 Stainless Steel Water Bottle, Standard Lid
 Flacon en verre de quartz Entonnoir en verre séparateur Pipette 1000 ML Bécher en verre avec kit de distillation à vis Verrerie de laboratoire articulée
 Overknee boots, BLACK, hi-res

...

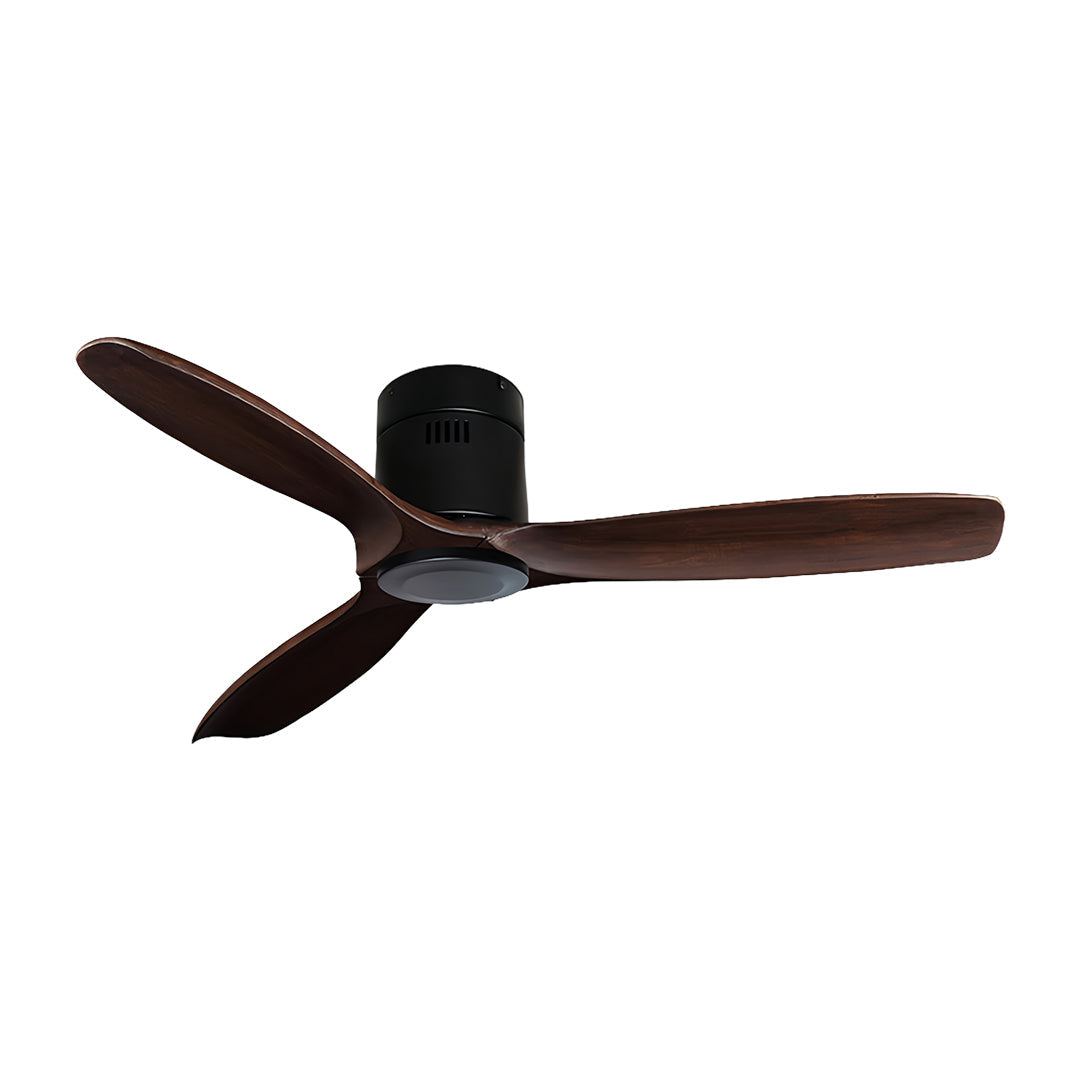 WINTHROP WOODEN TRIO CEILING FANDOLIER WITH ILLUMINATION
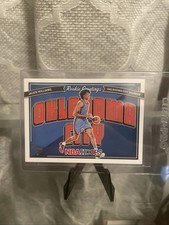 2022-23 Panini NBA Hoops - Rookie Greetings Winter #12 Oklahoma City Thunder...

**What you have to do:**
Reproduce, word for word and in full, only the lines above that start at the line with "Flacon en verre" and run through the line with "Overknee boots, BLACK, hi-res", both ends included.

**Result of the task:**
 Flacon en verre de quartz Entonnoir en verre séparateur Pipette 1000 ML Bécher en verre avec kit de distillation à vis Verrerie de laboratoire articulée
 Overknee boots, BLACK, hi-res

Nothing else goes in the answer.